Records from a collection
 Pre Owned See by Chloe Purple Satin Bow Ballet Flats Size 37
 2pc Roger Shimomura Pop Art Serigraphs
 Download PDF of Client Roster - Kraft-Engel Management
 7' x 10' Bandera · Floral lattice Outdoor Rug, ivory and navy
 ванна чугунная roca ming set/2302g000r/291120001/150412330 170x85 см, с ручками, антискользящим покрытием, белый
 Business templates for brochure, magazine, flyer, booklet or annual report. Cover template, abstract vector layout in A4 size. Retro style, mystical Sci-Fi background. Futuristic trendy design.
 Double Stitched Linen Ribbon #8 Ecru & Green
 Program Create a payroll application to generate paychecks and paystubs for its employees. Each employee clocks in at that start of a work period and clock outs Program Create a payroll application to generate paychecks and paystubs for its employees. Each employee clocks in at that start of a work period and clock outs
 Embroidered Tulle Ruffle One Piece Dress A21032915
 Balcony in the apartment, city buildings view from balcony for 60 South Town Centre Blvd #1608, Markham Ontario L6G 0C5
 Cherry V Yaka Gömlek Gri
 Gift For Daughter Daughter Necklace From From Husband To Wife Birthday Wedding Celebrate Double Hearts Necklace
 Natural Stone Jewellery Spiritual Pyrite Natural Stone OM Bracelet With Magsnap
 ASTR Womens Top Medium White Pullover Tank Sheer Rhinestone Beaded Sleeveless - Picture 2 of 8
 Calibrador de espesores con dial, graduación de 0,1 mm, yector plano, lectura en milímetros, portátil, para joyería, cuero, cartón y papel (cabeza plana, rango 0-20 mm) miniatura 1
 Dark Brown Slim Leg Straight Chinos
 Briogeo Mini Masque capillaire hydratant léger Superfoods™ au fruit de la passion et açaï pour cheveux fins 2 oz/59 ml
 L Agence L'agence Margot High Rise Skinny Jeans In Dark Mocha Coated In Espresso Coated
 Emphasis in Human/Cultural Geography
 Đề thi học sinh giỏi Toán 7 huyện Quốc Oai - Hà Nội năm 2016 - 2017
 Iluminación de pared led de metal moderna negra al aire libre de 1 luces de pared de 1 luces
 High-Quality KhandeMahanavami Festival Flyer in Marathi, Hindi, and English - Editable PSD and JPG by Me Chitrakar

Problem to solve - Exactly as written, give the line containing "Dark Brown Slim Leg Straight Chinos" and all remaining lines of the records.

Answer to the exercise -
 Dark Brown Slim Leg Straight Chinos
 Briogeo Mini Masque capillaire hydratant léger Superfoods™ au fruit de la passion et açaï pour cheveux fins 2 oz/59 ml
 L Agence L'agence Margot High Rise Skinny Jeans In Dark Mocha Coated In Espresso Coated
 Emphasis in Human/Cultural Geography
 Đề thi học sinh giỏi Toán 7 huyện Quốc Oai - Hà Nội năm 2016 - 2017
 Iluminación de pared led de metal moderna negra al aire libre de 1 luces de pared de 1 luces
 High-Quality KhandeMahanavami Festival Flyer in Marathi, Hindi, and English - Editable PSD and JPG by Me Chitrakar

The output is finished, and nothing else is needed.